On peut dire que tous ces gens, qui sont parfois très célèbres et très bien considérés, plantent de jolies fleurs parfumées au bord d'un gouffre vertigineux, mortel, puis incitent les passants à se pencher vers elles pour en apprécier le parfum.
Ceux qui tombent ne risquent pas de leur faire un procès, et ceux qui ne tombent pas les remercient sans voir le gouffre.

On a tous, en soi, une petite voix maléfique qui se fait l'appui de tous les discours séducteurs et trompeurs que l'on peut entendre autour de soi.
Chaque être humain héberge, qu'il le veuille ou non, une instance qui aime gâcher et détruire. C'est cette voix qui présente le suicide comme un acte courageux, une manière de prouver sa liberté, etc. Elle ne nous veut que du mal, exactement comme les fournisseurs d'alcool et de drogue ne nous veulent que du mal : notre déchéance est leur gagne-pain.

Mais heureusement, on a aussi tous l'instance contraire, celle qui parle du vrai courage, qui consiste à prendre le chemin difficile, celui qui monte, de la vraie liberté, celle qui est une responsabilité, et de la possibilité de changer pour le mieux, au prix d'une réflexion personnelle exigeantes, de recherches, de lectures et d'efforts quotidiens.

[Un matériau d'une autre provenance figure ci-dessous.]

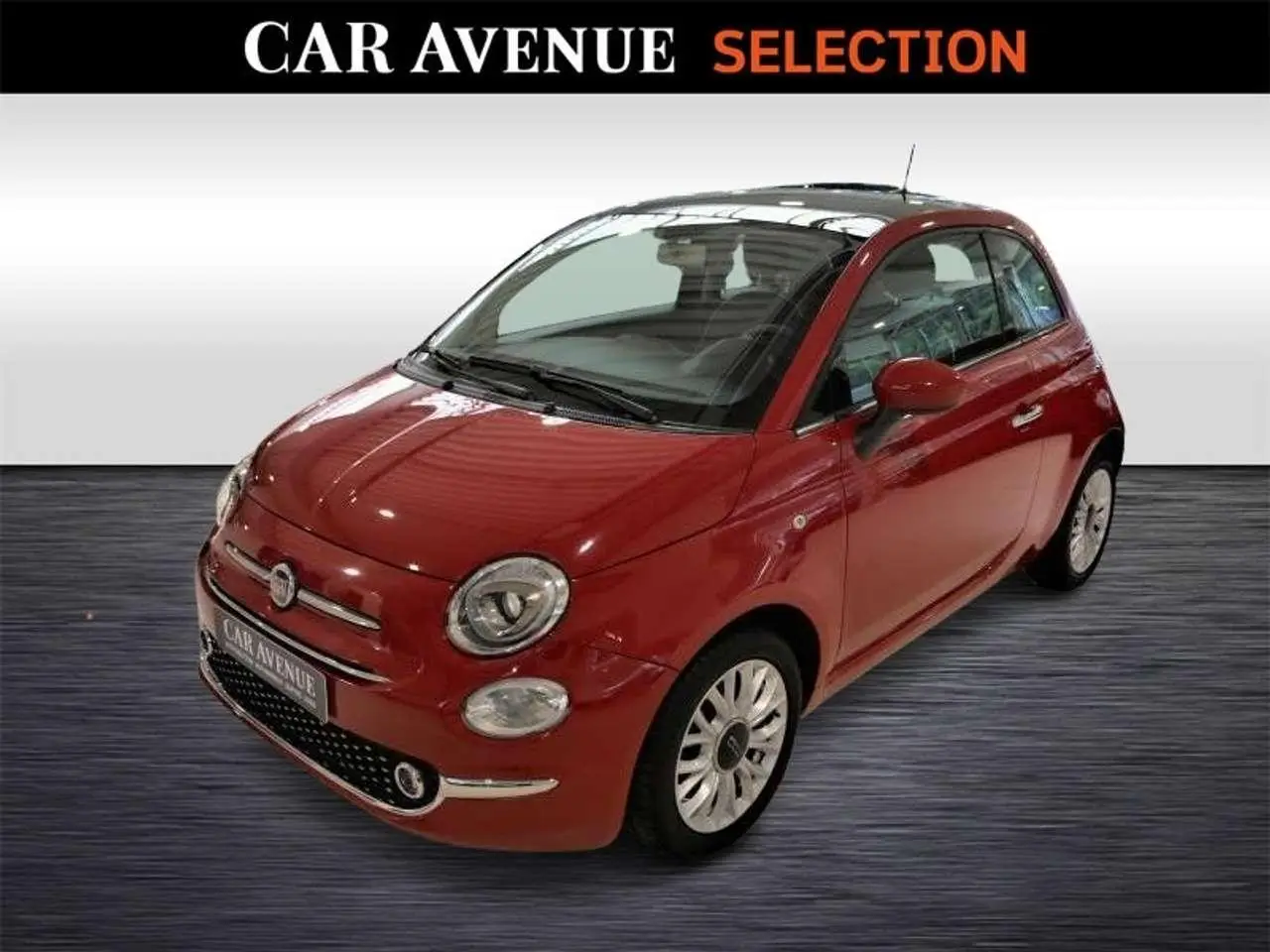 Photo 1 : Fiat 500 2018 Essence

En résumé, il y a des gens qui vivent de la mort des autres - un peu comme les tiques et les autres animaux sympathiques de ce genre.
Ils vendent des armes, de la drogue, de l'alcool, des idées qui sont pareilles à des couteaux sans manche (on ne peut s'en saisir sans se blesser soi-même), et eux-mêmes ne se battent pas, ne se droguent pas, ne boivent pas, et ne croient pas à ce qu'ils racontent.

Ils appellent les gens au bord du gouffre, leur expliquent que s'ils y croient très fort et qu'ils sautent, ils vont s'envoler, puis quand tout le monde est mort, rentrent tranquillement chez eux par le chemin le plus sûr pour recommencer le lendemain avec d'autres...

Un peu comme le joueur de flûte de Hammelin, qui par les sons mélodieux de sa flute entraîna les rats jusqu'à la rivière où ils se noyèrent tous jusqu'au dernier - puis entraîna les enfants du village vers un sort comparable :

"Et le petit homme partit, jouant de sa flûte d'abord très fort, puis ses doigts si agiles émirent des sons très doux. Et on vit très vite des têtes d'enfants regarder aux fenêtres. Puis un gamin sortit de chez lui, et contempla avec enthousiasme l'homme qui jouait si bien. Vint un deuxième, puis un autre et tous le regardaient envoûtés. Celui-ci jouait toujours; sa musique devenait plus douce et plus captivante et leur faisait imaginer des pays merveilleux où ils n'auraient qu'à s'amuser sans jamais être grondés.
Et ainsi cette bande d'enfants devenait de plus en plus nombreuse. Tous étaient heureux, riaient, chantaient et se tenaient par la main tout en suivant de plus en plus vite le joueur de flûte. Les parents se mirent à la poursuite leurs enfants qui s'en allaient à l'aventure, ensorcelés par le petit homme."N'allez pas avec lui, revenez avec nous, par pitié." criaient les parents, désespérés et cherchant à les rattraper. Mais ils se fatiguèrent bien vite et les perdirent de vue. Pendant ce temps le joueur de flûte suivis des enfants qui chantaient à tue-tête, arrivèrent à la montagne située derrière la ville, Ils étaient si heureux que personne n'aurait jamais pu les faire changer de route. Au son de la flûte la montagne s'entrouvit et tous, le joueur de flûte en tête, passèrent l'un après l'autre à travers la porte qui se referma aussitôt."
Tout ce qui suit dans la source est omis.